§ THE DATA:
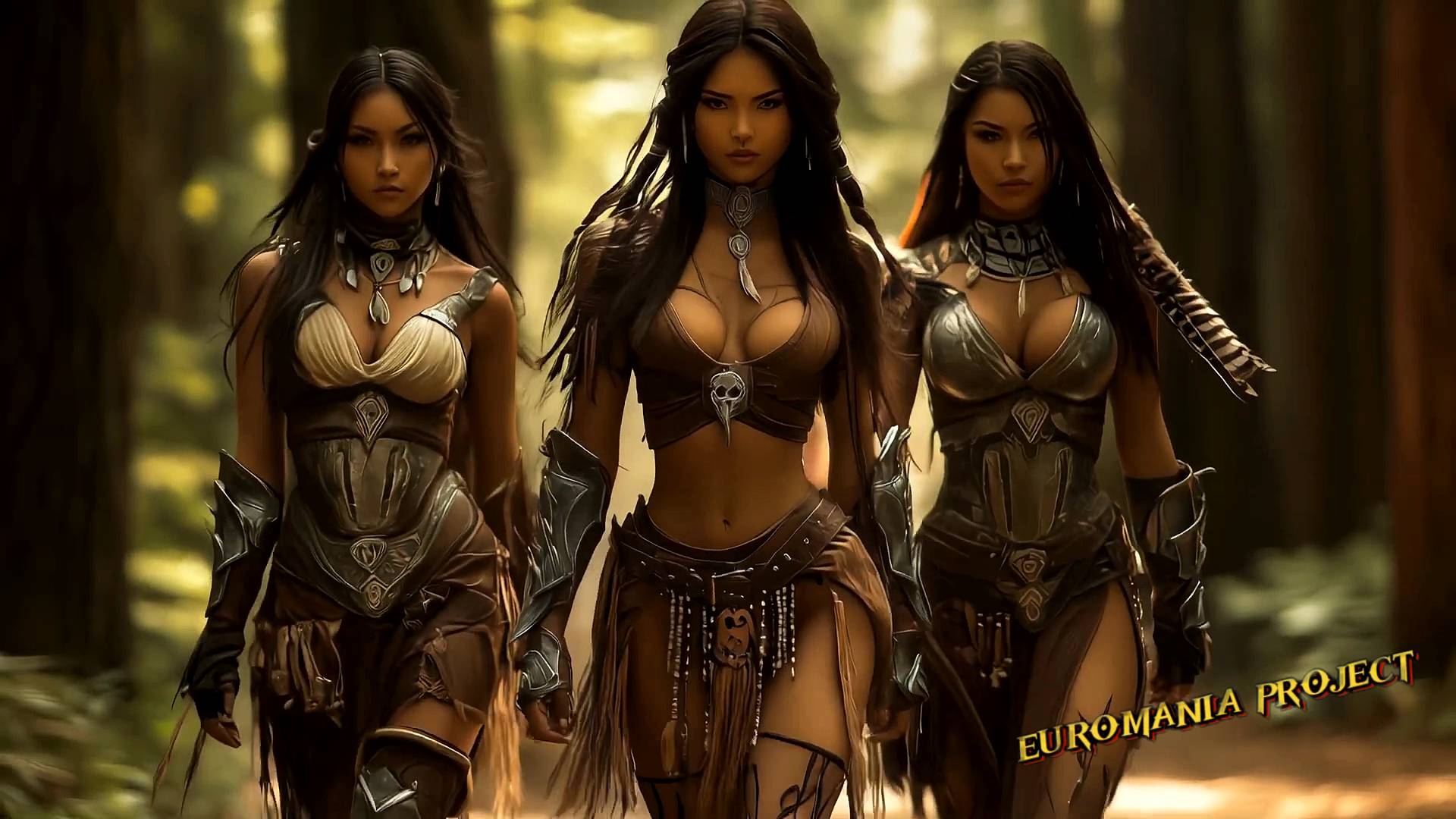 + Fotomaxx & Maxxima + - Eurodance 90s (Techno Dance mix) смотреть онлайн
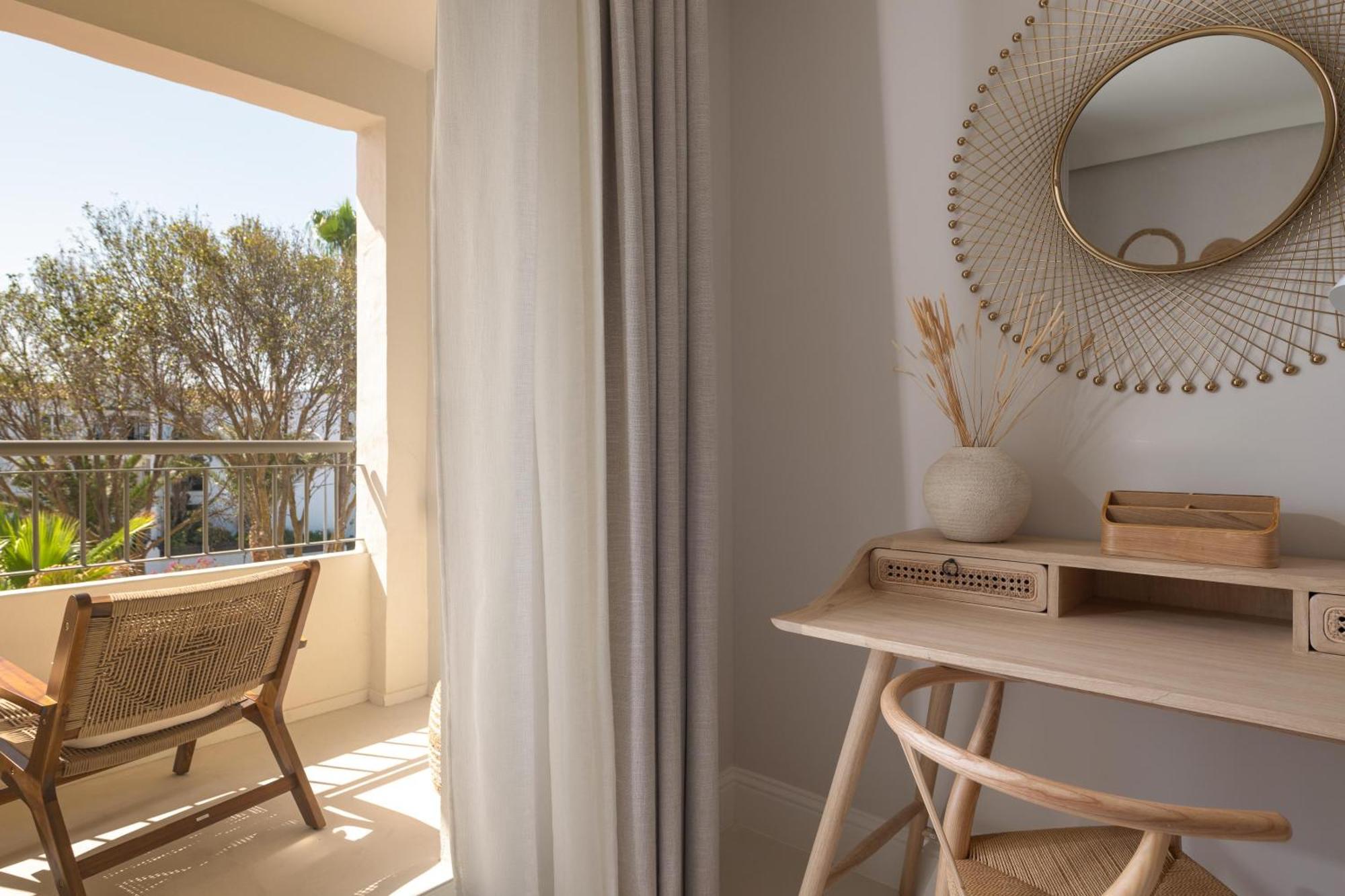 Daia Slow Beach Hotel Conil - Adults Only Recommended Conil De La Frontera Eksteriør billede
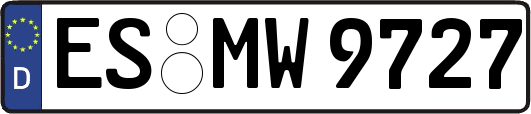 ES-MW9727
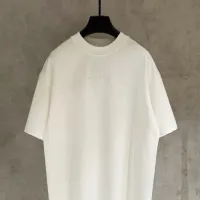 $48.00 USD Balenciaga T-Shirts Short Sleeved For Unisex #1462141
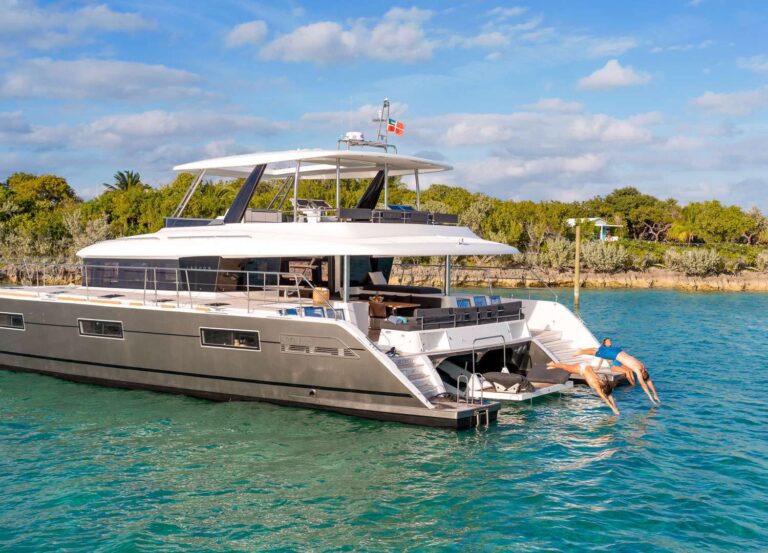 Lagoon 620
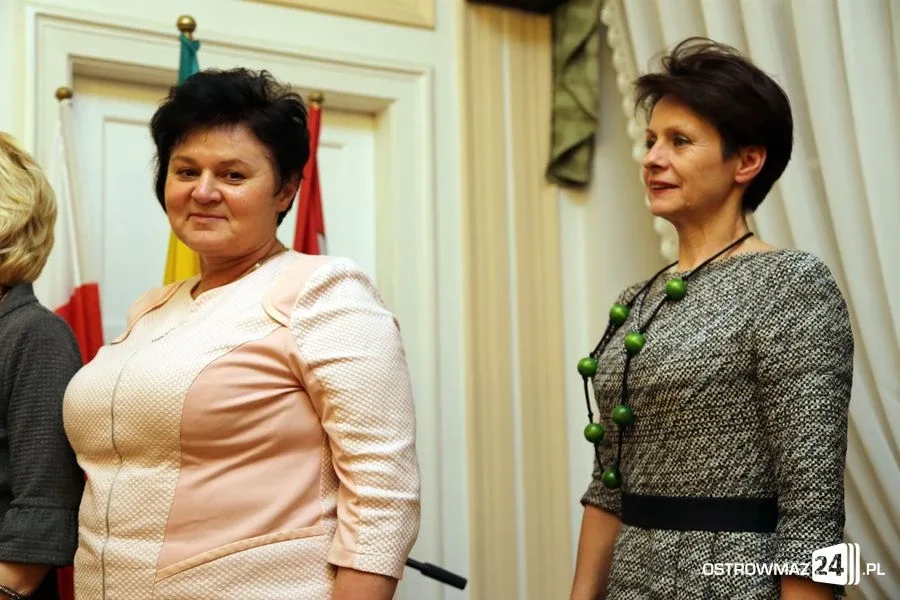 Burmistrz złożył ślubowanie (zdjęcia, wideo)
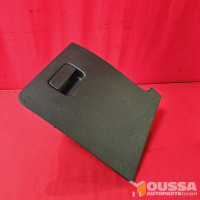 Dashboard Lower Storage Tray
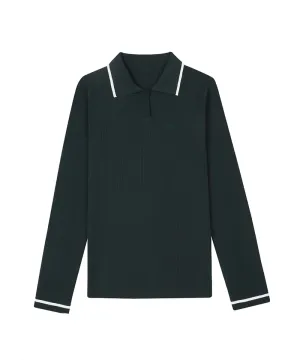 Monday Flow Women's Adore Knit Top - Green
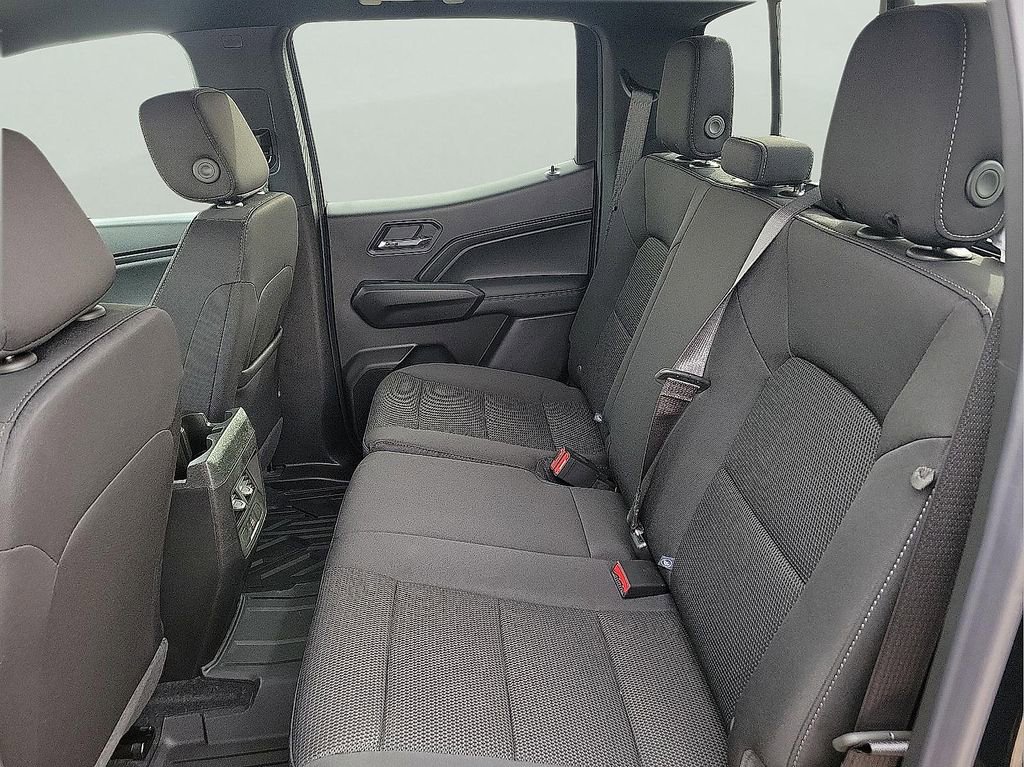 New 2026 GMC Canyon Elevation w/ Convenience Package image 13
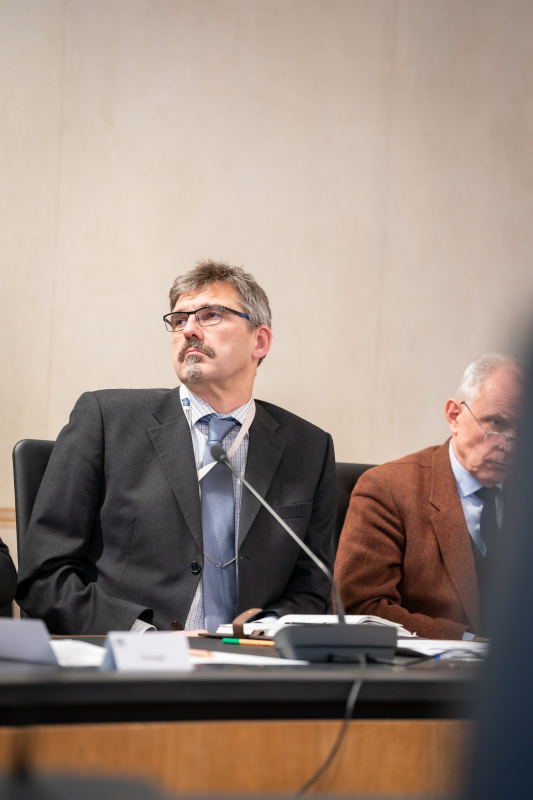 Veranstaltungsteilnehmer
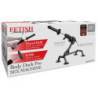 FETISH FANTASY SERIE - MÁQUINA SEXUAL BODY DOCK PRO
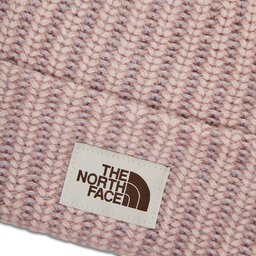 

Шапкa The North Face Salty Bae NF0A4SHO Pchpk/Rst/Twmv, Рожевий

§ PROBLEM STATEMENT: For the entries above, the output must hold exactly the lines from the one with "New 2026 GMC" through the last line, both included, and no pictures.

§ EXERCISE SOLUTION:
 New 2026 GMC Canyon Elevation w/ Convenience Package image 13
 Veranstaltungsteilnehmer
 FETISH FANTASY SERIE - MÁQUINA SEXUAL BODY DOCK PRO

Шапкa The North Face Salty Bae NF0A4SHO Pchpk/Rst/Twmv, Рожевий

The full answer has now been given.